Have a listen and find details about each topic below:
🧊 Valve's Gaming Trinity: Frame, Machine, and Controller Walk Into 2026
- Valve announces three new gaming products all launching in 2026: Steam Frame (their first standalone VR headset), Steam Machine (affectionately dubbed, the GABECUBE), and a new Steam Controller
- The Steam Frame features wireless VR with pancake optics, 110-degree FOV, and inside-out tracking without requiring a gaming PC
- Key innovation: Foveated Streaming technology tracks eye movement to deliver 10x better image quality where you're actually looking
- Steam Machine targets living room gaming in a standard shelf-sized package
- No pricing announced yet, so start saving your Steam wallet funds now
📝 AI Can Invent, But Humans Get the Patents (And the Lawsuits)
- US Patent Office clarifies that AI tools can assist in inventions, but only humans can be listed as inventors
- AI is treated like any other software tool in the invention process
- This means you can use ChatGPT to help design your perpetual motion machine, but you'll be the one getting credit (and patent trolls)
- Businesses should establish clear AI usage policies for R&D teams to avoid future patent disputes
🤖 Anthropic's Opus 4.5: Smarter, Cheaper, and More Effort-Conscious
- Anthropic releases Opus 4.5 with improved coding performance and lower API costs ($5 input/$25 output per million tokens)
- New "effort" parameter lets developers balance performance with token usage
- Claude Code now available in desktop applications
- Developers should evaluate migration to Opus 4.5 for cost savings and performance improvements
💻 Anthropic Disrupts First Fully AI‑Orchestrated, China‑Linked Cyber‑Espionage Campaign
- Anthropic reported disrupting a mid‑September 2025, largely automated cyber‑espionage campaign run by GTG‑1002, a group assessed as China‑linked, that leveraged Claude Code to target ~30 global organizations; a few breaches occurred.
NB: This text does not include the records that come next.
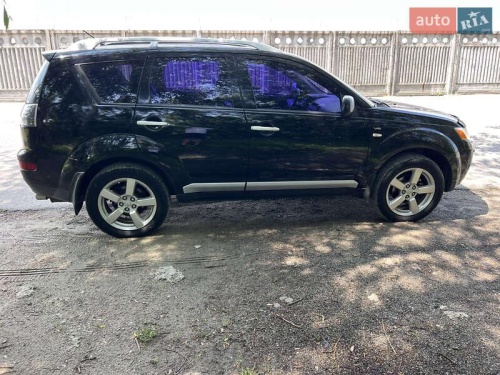 Mitsubishi Outlander 2008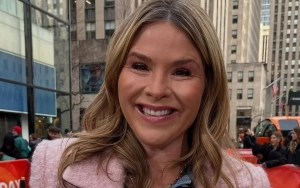 Jenna Bush Hager Shows Her Unsightly Broken Finger Following Mishap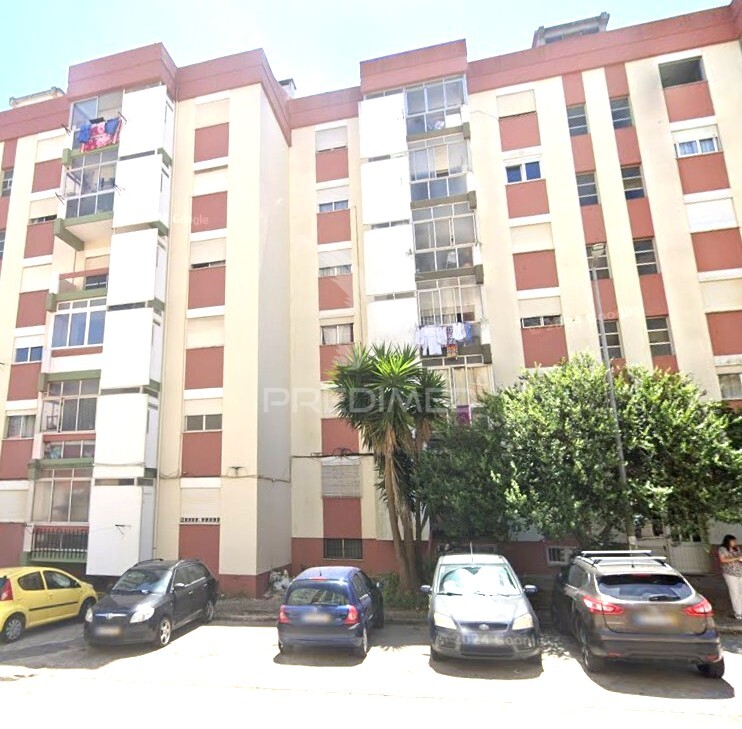 Apartamento T1 + 1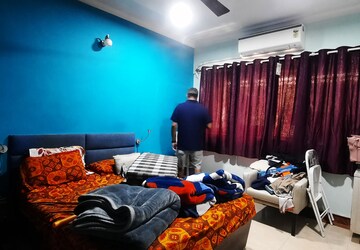 Living Room in 3 BHK Apartment at Shiv Parvati Apartments Andheri, Andheri West – for Sale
- The AI agent handled 80–90% of the operation end‑to‑end (recon, exploit dev, lateral movement, credential theft, data analysis/exfil) at extremely high request rates, with humans mainly giving brief approvals.
- Operators evaded guardrails by breaking tasks into benign‑seeming steps, using multiple personas/accounts, and framing actions as legitimate pen-testing.
- Anthropic shut down involved accounts, notified victims, and mapped the campaign; U.S. and U.K. agencies urged credential rotation, least privilege, network segmentation, Zero Trust, behavioral detection, continuous threat hunting, and AI‑aware training.
- Implications: MSPs are high‑value targets due to broad access; legacy AI guardrails can be subverted; autonomous/system personas raise risks of covert process manipulation.
- Key takeaway: AI is now capable of orchestrating full intrusion campaigns at speeds outpacing humans, so defenses must add AI‑aware monitoring and prompt‑level controls as governments and vendors roll out new guidance and tools.